[Information shown]

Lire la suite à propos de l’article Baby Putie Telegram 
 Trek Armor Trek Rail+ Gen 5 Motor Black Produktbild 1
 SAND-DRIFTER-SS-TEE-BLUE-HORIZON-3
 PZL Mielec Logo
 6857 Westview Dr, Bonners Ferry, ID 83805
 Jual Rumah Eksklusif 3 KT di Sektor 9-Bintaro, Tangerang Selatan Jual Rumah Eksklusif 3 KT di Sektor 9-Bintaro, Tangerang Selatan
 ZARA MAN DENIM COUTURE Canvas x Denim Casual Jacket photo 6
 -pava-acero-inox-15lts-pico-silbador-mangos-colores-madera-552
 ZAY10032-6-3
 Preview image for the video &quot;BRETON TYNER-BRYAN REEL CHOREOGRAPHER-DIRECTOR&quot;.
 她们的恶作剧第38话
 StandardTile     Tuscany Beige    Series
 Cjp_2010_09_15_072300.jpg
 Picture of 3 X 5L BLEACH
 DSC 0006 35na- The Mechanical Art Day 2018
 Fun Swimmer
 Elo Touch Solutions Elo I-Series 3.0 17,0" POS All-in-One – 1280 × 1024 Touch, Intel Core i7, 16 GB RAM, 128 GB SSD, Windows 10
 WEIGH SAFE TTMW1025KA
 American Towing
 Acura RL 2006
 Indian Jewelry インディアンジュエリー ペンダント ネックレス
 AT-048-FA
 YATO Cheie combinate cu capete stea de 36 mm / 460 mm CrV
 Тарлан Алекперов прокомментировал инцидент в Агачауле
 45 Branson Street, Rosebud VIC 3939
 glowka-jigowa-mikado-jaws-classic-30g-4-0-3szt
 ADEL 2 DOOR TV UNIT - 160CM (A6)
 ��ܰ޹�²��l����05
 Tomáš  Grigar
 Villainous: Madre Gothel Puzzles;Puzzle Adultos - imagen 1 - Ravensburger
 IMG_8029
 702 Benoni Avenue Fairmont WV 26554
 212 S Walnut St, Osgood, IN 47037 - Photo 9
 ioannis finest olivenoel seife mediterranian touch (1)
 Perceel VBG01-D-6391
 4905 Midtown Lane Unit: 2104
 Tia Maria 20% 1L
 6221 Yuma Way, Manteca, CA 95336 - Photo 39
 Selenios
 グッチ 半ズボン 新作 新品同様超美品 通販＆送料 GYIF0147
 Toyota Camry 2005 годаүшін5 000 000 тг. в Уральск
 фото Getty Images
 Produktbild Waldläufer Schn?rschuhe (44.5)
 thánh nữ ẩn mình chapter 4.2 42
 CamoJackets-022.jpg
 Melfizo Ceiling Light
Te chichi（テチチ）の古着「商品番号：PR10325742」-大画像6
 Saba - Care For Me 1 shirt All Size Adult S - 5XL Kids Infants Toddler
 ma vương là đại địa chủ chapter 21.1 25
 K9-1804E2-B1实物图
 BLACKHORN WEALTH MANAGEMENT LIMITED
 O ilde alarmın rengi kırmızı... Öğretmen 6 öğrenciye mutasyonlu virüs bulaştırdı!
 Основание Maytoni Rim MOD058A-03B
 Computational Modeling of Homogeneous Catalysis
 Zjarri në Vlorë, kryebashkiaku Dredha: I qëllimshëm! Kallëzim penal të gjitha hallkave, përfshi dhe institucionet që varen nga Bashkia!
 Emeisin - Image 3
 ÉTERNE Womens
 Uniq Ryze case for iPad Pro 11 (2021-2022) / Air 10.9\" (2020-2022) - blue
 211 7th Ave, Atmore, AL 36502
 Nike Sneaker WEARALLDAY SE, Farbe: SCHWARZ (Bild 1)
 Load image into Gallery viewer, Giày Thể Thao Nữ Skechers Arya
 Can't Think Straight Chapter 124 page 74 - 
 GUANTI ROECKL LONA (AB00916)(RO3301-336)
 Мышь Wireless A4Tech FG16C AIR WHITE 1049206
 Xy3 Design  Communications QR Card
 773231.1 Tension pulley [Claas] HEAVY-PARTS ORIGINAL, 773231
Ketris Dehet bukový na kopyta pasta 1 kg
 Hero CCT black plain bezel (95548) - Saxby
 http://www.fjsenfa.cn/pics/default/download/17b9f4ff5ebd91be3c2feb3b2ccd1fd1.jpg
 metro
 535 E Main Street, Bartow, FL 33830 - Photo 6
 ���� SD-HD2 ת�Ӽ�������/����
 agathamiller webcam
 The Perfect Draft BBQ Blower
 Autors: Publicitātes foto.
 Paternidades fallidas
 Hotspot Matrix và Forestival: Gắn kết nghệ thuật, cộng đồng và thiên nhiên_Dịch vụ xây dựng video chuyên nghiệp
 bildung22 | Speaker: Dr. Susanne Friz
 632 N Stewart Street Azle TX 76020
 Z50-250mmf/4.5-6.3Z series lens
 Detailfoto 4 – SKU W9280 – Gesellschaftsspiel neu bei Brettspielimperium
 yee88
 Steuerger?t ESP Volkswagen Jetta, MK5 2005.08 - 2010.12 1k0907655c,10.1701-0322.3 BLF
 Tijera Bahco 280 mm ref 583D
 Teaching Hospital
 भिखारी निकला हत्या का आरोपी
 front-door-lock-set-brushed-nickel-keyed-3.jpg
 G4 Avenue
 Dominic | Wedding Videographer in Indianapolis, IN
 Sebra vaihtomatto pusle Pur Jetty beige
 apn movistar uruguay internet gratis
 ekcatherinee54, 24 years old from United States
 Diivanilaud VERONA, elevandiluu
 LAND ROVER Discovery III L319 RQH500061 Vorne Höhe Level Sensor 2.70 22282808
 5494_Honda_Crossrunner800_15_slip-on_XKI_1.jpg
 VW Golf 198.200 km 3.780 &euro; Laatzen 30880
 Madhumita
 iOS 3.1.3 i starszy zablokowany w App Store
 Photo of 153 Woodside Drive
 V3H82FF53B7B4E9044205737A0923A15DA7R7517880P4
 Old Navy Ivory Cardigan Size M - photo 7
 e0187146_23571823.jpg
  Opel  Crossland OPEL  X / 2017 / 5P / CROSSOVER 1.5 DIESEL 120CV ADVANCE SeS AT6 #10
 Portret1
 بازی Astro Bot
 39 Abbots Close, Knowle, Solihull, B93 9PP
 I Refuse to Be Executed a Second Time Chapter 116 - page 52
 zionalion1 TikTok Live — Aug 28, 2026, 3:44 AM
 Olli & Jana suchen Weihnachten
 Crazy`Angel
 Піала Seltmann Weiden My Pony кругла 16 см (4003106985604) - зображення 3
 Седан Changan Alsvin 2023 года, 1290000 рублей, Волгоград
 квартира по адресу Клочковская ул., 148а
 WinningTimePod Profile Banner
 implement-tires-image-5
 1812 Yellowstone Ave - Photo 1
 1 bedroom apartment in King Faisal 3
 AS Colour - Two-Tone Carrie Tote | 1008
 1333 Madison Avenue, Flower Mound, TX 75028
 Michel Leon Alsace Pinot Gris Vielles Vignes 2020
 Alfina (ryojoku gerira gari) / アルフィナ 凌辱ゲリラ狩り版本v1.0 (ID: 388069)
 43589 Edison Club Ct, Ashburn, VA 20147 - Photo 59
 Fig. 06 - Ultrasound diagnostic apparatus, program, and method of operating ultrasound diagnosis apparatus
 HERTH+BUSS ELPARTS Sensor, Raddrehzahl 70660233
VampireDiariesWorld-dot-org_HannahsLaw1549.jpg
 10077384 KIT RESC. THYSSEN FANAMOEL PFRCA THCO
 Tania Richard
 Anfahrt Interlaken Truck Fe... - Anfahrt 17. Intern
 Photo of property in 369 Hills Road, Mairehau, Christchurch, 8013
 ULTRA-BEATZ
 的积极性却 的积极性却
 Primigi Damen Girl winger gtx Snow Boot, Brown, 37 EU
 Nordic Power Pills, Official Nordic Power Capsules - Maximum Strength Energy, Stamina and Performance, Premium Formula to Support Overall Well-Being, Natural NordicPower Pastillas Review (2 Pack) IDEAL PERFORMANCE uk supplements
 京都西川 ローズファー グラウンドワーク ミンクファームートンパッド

[/Information shown]

#### Instructions to follow
All lines above from the one with "YATO Cheie combinate" to the one with "BLACKHORN WEALTH MANAGEMENT LIMITED", inclusive, should be copied exactly, and no other lines.

#### Solution to the problem
 YATO Cheie combinate cu capete stea de 36 mm / 460 mm CrV
 Тарлан Алекперов прокомментировал инцидент в Агачауле
 45 Branson Street, Rosebud VIC 3939
 glowka-jigowa-mikado-jaws-classic-30g-4-0-3szt
 ADEL 2 DOOR TV UNIT - 160CM (A6)
 ��ܰ޹�²��l����05
 Tomáš  Grigar
 Villainous: Madre Gothel Puzzles;Puzzle Adultos - imagen 1 - Ravensburger
 IMG_8029
 702 Benoni Avenue Fairmont WV 26554
 212 S Walnut St, Osgood, IN 47037 - Photo 9
 ioannis finest olivenoel seife mediterranian touch (1)
 Perceel VBG01-D-6391
 4905 Midtown Lane Unit: 2104
 Tia Maria 20% 1L
 6221 Yuma Way, Manteca, CA 95336 - Photo 39
 Selenios
 グッチ 半ズボン 新作 新品同様超美品 通販＆送料 GYIF0147
 Toyota Camry 2005 годаүшін5 000 000 тг. в Уральск
 фото Getty Images
 Produktbild Waldläufer Schn?rschuhe (44.5)
 thánh nữ ẩn mình chapter 4.2 42
 CamoJackets-022.jpg
 Melfizo Ceiling Light
Te chichi（テチチ）の古着「商品番号：PR10325742」-大画像6
 Saba - Care For Me 1 shirt All Size Adult S - 5XL Kids Infants Toddler
 ma vương là đại địa chủ chapter 21.1 25
 K9-1804E2-B1实物图
 BLACKHORN WEALTH MANAGEMENT LIMITED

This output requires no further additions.